The Swamp of the Ravens is easily one of the oddest films I’ve come across in some time. Right from the outset, the film stands out as being one of only a handful of Ecuadorian horror films ever made, and it’s certainly the first that I’ve seen. Yet thanks to a cast that should be recognizable to Euro cult fans, such as Ramiro Oliveros (Cannibal Apocalypse, The Pajama Girl Case) and Fernando Sancho (The Big Gundown, Return of the Evil Dead), it all feels a bit more familiar that one might expect. But what really sets the film apart is every "prop" used in the film is real. When the first severed hand turned up, I was impressed at how good it looked, giving props to the FX of a film that likely had a very small budget. But then came something I never could have imagined: an actual autopsy, on film, with actors (including Sancho!) right there watching it! Apparently you can get away with some crazy shit in Ecuador, as after doing a little research, not just this scene, but all body parts and even the blood in the film is all real. Pretty neat stuff, and myself being an organ donor, if I could check a box that said my body would be used for film instead of science and medicine, I’d definitely do so!

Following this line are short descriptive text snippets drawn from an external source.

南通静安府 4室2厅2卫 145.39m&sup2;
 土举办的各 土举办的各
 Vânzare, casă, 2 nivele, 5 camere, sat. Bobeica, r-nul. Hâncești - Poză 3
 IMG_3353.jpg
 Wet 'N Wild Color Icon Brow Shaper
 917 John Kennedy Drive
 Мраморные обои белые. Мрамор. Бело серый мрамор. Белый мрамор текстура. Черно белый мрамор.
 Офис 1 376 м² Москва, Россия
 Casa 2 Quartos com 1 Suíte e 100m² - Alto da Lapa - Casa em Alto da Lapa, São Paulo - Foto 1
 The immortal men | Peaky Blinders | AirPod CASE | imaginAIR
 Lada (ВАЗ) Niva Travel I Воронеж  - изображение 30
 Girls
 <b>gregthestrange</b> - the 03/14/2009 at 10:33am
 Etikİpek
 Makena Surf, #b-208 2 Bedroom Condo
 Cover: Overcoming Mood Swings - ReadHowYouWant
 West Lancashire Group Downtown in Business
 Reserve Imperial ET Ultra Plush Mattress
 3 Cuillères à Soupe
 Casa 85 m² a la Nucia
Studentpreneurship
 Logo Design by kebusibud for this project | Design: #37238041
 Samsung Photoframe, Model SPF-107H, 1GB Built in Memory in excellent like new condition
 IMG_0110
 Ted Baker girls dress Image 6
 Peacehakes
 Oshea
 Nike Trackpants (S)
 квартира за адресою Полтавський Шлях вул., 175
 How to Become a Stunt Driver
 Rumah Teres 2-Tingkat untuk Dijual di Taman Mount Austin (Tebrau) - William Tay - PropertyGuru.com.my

The whole atmosphere of the film is bizarre, to say the least. The swamp setting is extremely effective, giving off an eerie vibe every time it’s used. But beyond that, the entire film feels like some weird fever dream, as the narrative jumps around and the script leaves certain things out in favor of moving things along at a quicker pace. Why show a certain character making a deal with the police officers when we can just show the reaction shot of the doctor finding out? Surely that’ll cut down on silly things like plot development and give more time to creepy swamp shots and dead body worship! And then there’s the score, which has to be among the most inappropriate I’ve encountered in a horror film. The majority of it sounds more suited for a 70s British Counter-Culture flick than a film about re-animation; not sure what the composer was thinking, but considering how ridiculous (wouldn’t getting a note from a supposed reputable doctor that had the word “tonight” misspelled tip you off to stay far, far away?) and left-of-center everything else on display is (the final speech from Dr. Frosta is just mind-boggling), it probably fits just perfectly with the weird, ethereal world that is The Swamp of the Ravens. VCI presents the film (in double feature form with Del Tenny’s Zombie, better known by its lurid alternate title I Eat Your Skin) via a pleasant 2.35:1 anamorphic print. This is the longest known cut of the film and also features the complete ending that was chopped on the previous Something Weird release. There is some print damage to be sure, but overall the quality is quite acceptable, with decent colors and black levels. It should be noted that the encode is interlaced, however it’s not extreme and your mileage may vary depending on your equipment; I didn’t notice it whatsoever on my PS3. The Dolby Digital 2.0 track (in English only) is just fine, with only a few instances of background distortion, although no dialogue is ever lost or muddied. There are no extras on the disc.